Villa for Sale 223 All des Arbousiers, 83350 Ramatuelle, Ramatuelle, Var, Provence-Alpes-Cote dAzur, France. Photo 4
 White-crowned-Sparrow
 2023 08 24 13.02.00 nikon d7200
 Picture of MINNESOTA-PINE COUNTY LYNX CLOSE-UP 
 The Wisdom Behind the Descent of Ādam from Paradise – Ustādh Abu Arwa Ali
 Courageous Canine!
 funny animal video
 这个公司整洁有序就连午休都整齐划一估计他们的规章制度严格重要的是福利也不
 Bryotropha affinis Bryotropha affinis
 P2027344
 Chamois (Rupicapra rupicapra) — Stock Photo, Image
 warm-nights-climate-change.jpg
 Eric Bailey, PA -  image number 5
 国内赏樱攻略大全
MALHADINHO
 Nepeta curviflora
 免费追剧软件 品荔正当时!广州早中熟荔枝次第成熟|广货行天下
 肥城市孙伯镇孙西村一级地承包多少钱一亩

......

-- WORK INSTRUCTIONS --
Word for word, write out all the lines shown above.

-- FINISHED EXERCISE --
Villa for Sale 223 All des Arbousiers, 83350 Ramatuelle, Ramatuelle, Var, Provence-Alpes-Cote dAzur, France. Photo 4
 White-crowned-Sparrow
 2023 08 24 13.02.00 nikon d7200
 Picture of MINNESOTA-PINE COUNTY LYNX CLOSE-UP 
 The Wisdom Behind the Descent of Ādam from Paradise – Ustādh Abu Arwa Ali
 Courageous Canine!
 funny animal video
 这个公司整洁有序就连午休都整齐划一估计他们的规章制度严格重要的是福利也不
 Bryotropha affinis Bryotropha affinis
 P2027344
 Chamois (Rupicapra rupicapra) — Stock Photo, Image
 warm-nights-climate-change.jpg
 Eric Bailey, PA -  image number 5
 国内赏樱攻略大全
MALHADINHO
 Nepeta curviflora
 免费追剧软件 品荔正当时!广州早中熟荔枝次第成熟|广货行天下
 肥城市孙伯镇孙西村一级地承包多少钱一亩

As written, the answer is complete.